Controversial Ballot Decision Upheld in Neb.

     LINCOLN, Neb. (CN) – A decision to allow for a switch in Republican candidates for Nebraska lieutenant governor nine days after a deadline for certifying the statewide ballot has been upheld by a county district court.
     Judge Lori A. Maret held she could not order Nebraska Secretary of State John Gale to reverse his decision because state statute provided him with no clear legal duty to refuse the request.
     The controversy arose in the wake of a scandal that enveloped former Lt. Gov. Lavon Heidemann, who resigned September 9 after a judge granted his sister’s request for a domestic abuse protect order against him.

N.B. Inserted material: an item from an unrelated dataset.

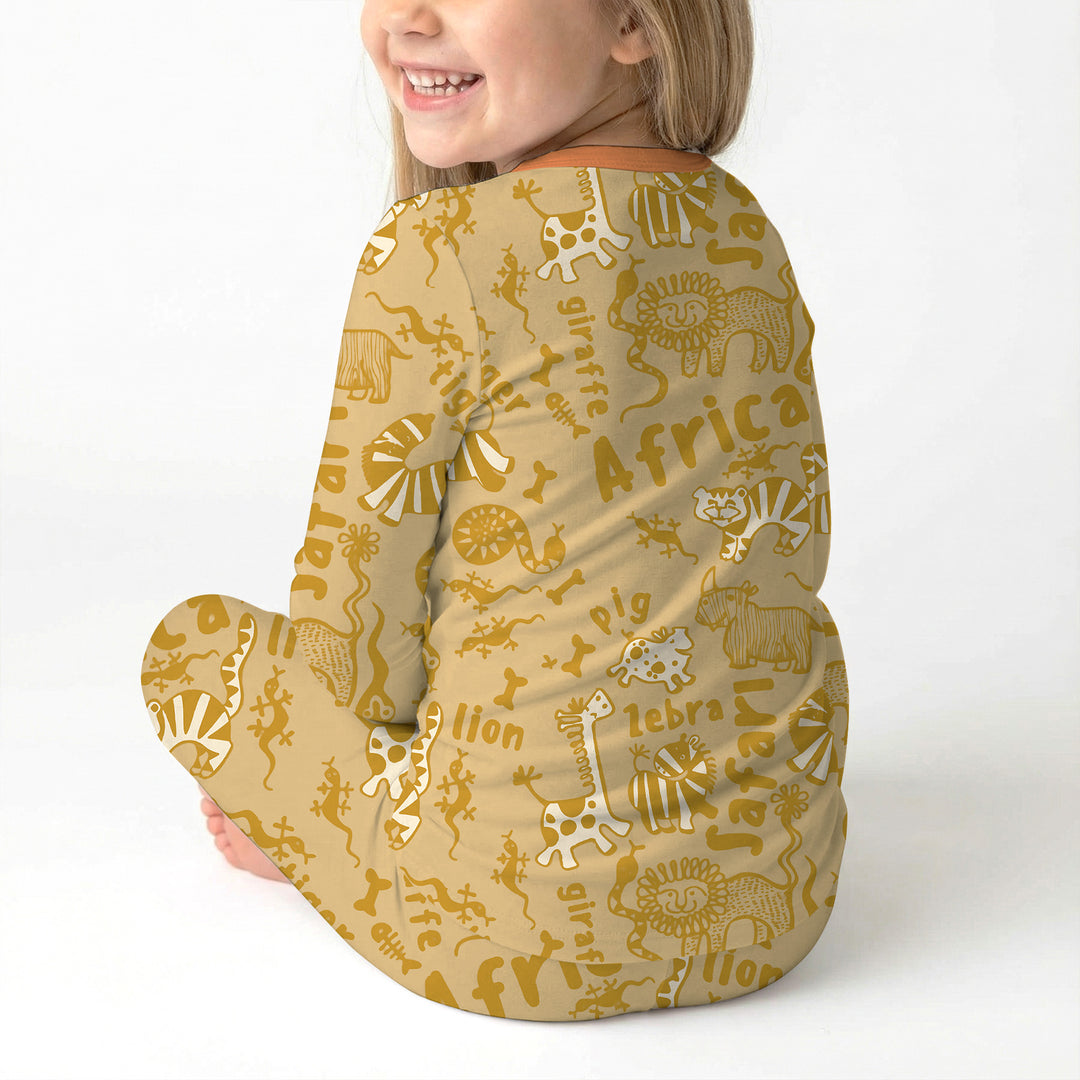 Handdrawn African Animals Two Piece Long Sleeve Pajama Set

     Following Heidemann’s resignation, the campaign of Republican gubernatorial candidate Pete Ricketts requested that Gale substitute Mike Foley as the candidate for lieutenant governor.
     The request came after the September 1 deadline to make changes to the November ballot, but Gale decided Ricketts’ constitutional right to name his own running mate trumped state law.

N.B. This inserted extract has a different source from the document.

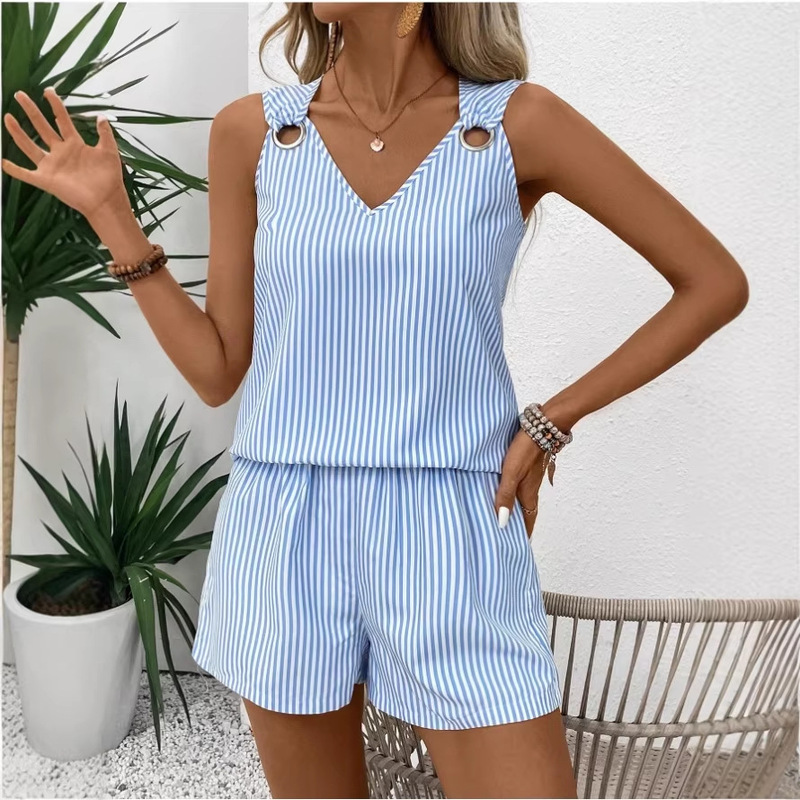 Amazon AliExpress 2025 Europe and the United States spring and summer new sleeveless metal ring solid color casual fashion pants suit women's clothing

     With that, the Libertarian candidate for governor, Mark Elworth, Jr., sued, claiming Gale violated state law and that Heidemann’s name should remain on the ballot.
     According to Elworth’s complaint, state law requires that all candidates be certified to appear on the ballot by Sept. 1, and that “no declination shall be effective after such date.” Elworth also sought an injunction that would bar the new Republican candidate for lieutenant governor, Michael Foley, from being certified for the ballot, as his name was also submitted after the deadline.

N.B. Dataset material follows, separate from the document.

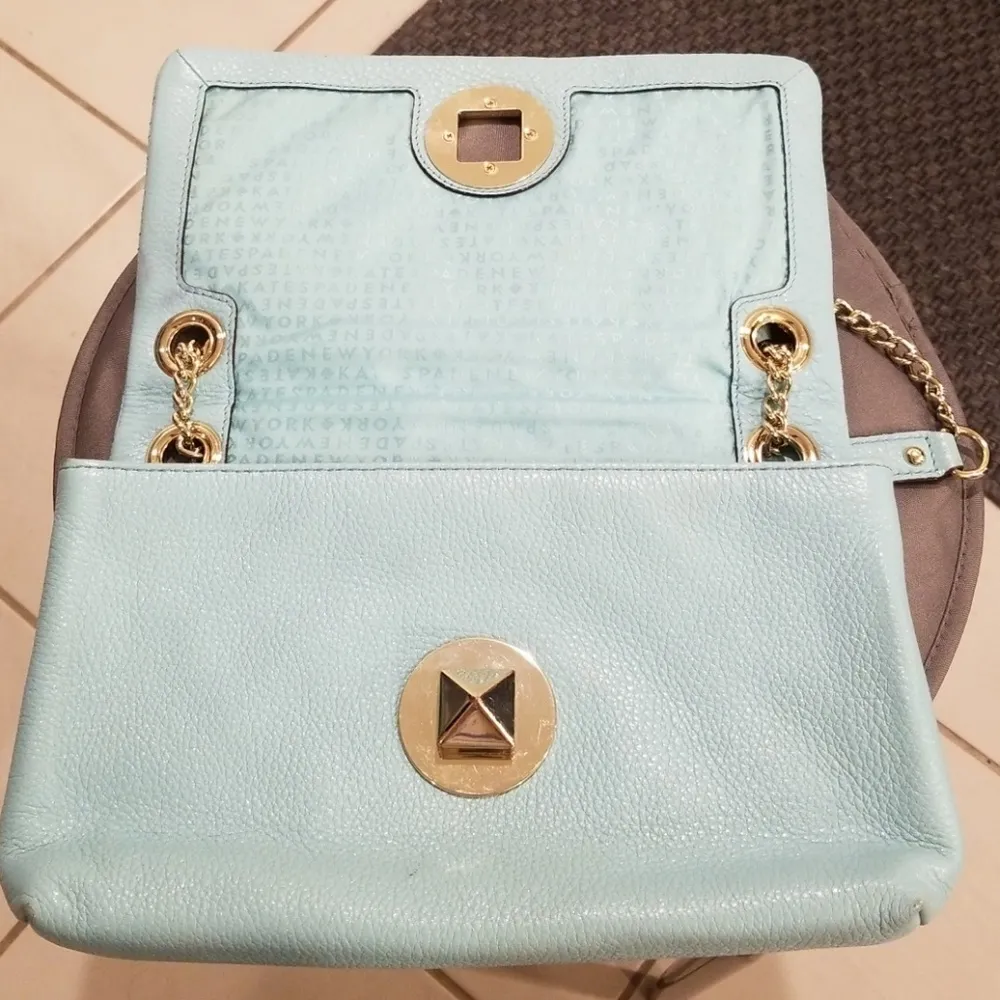 💕KATE SPADE💕 Baby Blue Quilted Leather Handbag - Image 4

     After hearing arguments from both parties, as well as a representative of the campaign of Republican gubernatorial candidate Pete Ricketts, Judge Maret issued ruled that Gale “has no clear legal duty that is subject to mandamus.”
     In a motion submitted to the court, the Ricketts campaign argued that the Nebraska constitution requires each candidate for governor to choose a running mate, and that this “constitutional prerogative” overrides Elworth’s claims. The motion further stated that printing the name of a candidate who is no longer running for office on ballots “would also withhold vital information from the voters and would result in voter confusion.”
     In a statement following the dismissal, Ricketts reiterated that the state constitution gives “gubernatorial candidates the right to designate their running mates” and that ballots should be “printed in a manner that accurately reflects the choices before Nebraska voters.”